▸ Task to carry out: Keep every word of the listing and reproduce it exactly, but set aside any image found there.

▸ Dataset extract:
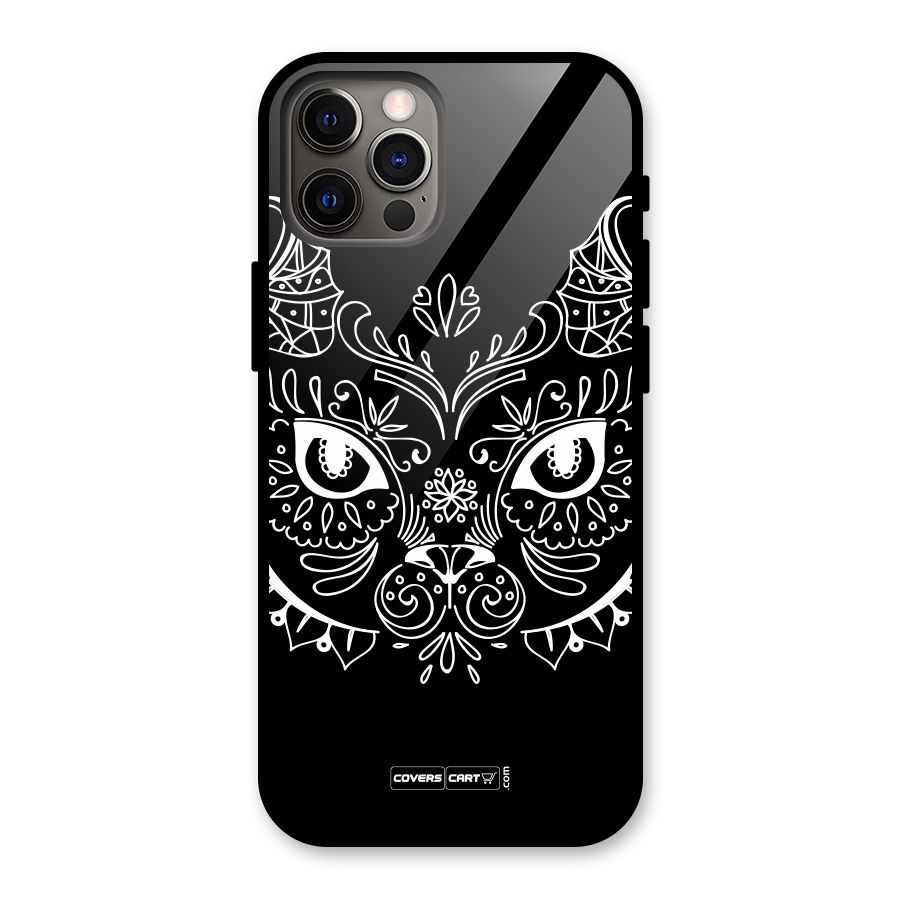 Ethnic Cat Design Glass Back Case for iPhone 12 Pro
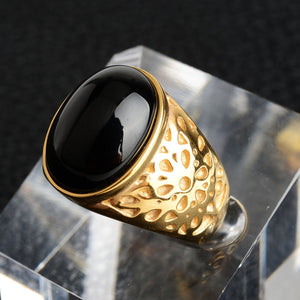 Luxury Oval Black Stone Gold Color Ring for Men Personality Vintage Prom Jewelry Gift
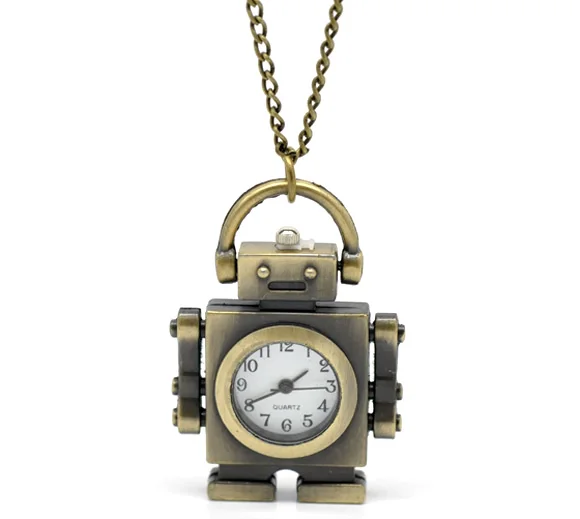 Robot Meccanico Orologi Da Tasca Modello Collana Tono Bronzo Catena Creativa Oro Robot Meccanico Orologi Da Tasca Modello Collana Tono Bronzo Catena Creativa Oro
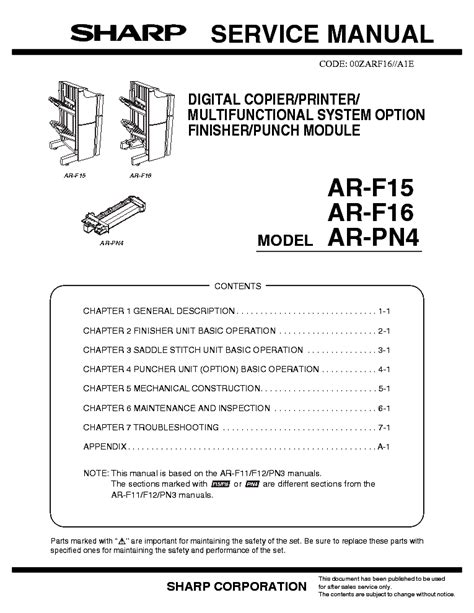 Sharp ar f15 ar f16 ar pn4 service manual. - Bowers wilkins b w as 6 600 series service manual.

▸ Task result:
 Ethnic Cat Design Glass Back Case for iPhone 12 Pro
 Luxury Oval Black Stone Gold Color Ring for Men Personality Vintage Prom Jewelry Gift
 Robot Meccanico Orologi Da Tasca Modello Collana Tono Bronzo Catena Creativa Oro Robot Meccanico Orologi Da Tasca Modello Collana Tono Bronzo Catena Creativa Oro
 Sharp ar f15 ar f16 ar pn4 service manual. - Bowers wilkins b w as 6 600 series service manual.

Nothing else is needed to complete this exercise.